Not waiting and not on SQL*Net Message from client
July 9, 2010 5 Comments
I’m in the early stages of investigating a performance degradation on 188.8.131.52, just tracing the session at the moment and waiting for it to complete.
This is distilled from a POC for an application persisting generic messages off a message bus.
At the moment, there’s no requirement to query/inspect the messages themselves so they’re being passed down as a BLOB.
I’ve reproduced the problem with a standalone piece of PL/SQL which removes any distractions from the rest of the application tech stack. This will be useful to raise an SR if necessary.

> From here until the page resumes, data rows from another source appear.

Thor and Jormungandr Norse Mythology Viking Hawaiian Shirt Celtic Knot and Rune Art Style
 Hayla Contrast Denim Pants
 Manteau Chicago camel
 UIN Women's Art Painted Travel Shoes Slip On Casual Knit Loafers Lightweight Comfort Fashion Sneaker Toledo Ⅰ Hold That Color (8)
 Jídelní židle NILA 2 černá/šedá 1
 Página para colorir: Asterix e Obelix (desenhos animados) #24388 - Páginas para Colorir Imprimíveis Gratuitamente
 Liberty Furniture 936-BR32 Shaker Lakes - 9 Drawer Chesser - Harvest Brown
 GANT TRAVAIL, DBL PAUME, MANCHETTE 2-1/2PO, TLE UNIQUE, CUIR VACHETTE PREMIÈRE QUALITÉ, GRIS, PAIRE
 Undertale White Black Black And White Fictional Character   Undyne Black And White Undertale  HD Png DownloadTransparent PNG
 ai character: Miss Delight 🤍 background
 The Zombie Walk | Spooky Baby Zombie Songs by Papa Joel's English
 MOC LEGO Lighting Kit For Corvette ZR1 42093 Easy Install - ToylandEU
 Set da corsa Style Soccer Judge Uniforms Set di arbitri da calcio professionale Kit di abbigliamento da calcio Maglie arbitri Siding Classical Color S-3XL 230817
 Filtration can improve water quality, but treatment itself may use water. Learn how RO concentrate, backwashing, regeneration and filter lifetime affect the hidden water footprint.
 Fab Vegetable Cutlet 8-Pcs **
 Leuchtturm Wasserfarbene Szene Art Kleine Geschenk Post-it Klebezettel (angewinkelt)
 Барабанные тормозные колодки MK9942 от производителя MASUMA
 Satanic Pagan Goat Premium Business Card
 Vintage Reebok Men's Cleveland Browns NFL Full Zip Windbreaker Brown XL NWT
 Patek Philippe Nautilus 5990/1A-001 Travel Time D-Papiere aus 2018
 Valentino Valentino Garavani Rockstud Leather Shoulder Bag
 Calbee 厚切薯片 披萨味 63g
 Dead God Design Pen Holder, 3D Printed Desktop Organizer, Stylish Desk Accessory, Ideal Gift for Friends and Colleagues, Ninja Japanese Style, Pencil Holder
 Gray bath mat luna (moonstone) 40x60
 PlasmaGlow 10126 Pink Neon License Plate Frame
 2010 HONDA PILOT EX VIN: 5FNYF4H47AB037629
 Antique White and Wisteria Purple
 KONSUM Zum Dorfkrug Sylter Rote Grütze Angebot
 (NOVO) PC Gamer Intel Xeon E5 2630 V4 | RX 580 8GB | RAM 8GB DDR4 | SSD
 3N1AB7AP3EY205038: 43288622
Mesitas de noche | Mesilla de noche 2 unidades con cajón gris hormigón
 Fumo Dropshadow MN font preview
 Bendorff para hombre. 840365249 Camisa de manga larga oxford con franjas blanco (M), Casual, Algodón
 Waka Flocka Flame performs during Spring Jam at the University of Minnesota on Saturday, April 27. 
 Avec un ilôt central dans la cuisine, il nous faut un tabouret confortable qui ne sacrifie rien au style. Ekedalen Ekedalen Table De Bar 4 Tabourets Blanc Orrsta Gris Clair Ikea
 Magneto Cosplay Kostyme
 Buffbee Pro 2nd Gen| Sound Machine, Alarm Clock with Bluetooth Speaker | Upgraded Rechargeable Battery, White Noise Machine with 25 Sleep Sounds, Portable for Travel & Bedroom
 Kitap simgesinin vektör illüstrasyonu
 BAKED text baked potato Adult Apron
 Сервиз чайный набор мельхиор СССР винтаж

Performance degradation for a collection of 1000 blobs goes from roughly 1-2 seconds on a 184.108.40.206 corporate DB or on 10.2.0.4 on my laptop to currently over 1 hour on 220.127.116.11 corporate DB.
Obviously there are a lot of variations between environments and versions that might account for reasonable differences in performance.
I’ve not yet started investigating any of these differences in settings, parameters, etc but there’s something very bad about this sort of degradation.
Current session wait says that I’ve been waiting on SQL*Net message from client for pretty much all this time. So, a good illustration that this is wait is not always an idle event.
I’ve been a bit dim on this one. I’m NOT waiting on SQL*Net message from client. But I am in a strange place somewhere.
I was being lazy, using Toad to monitor and not looking at the information properly – stupid, stupid, stupid (not that Toad doesn’t display the requisite information properly, just that when you look at things from different perspectives sometimes you miss something that you would have seen when looking at it in a different way).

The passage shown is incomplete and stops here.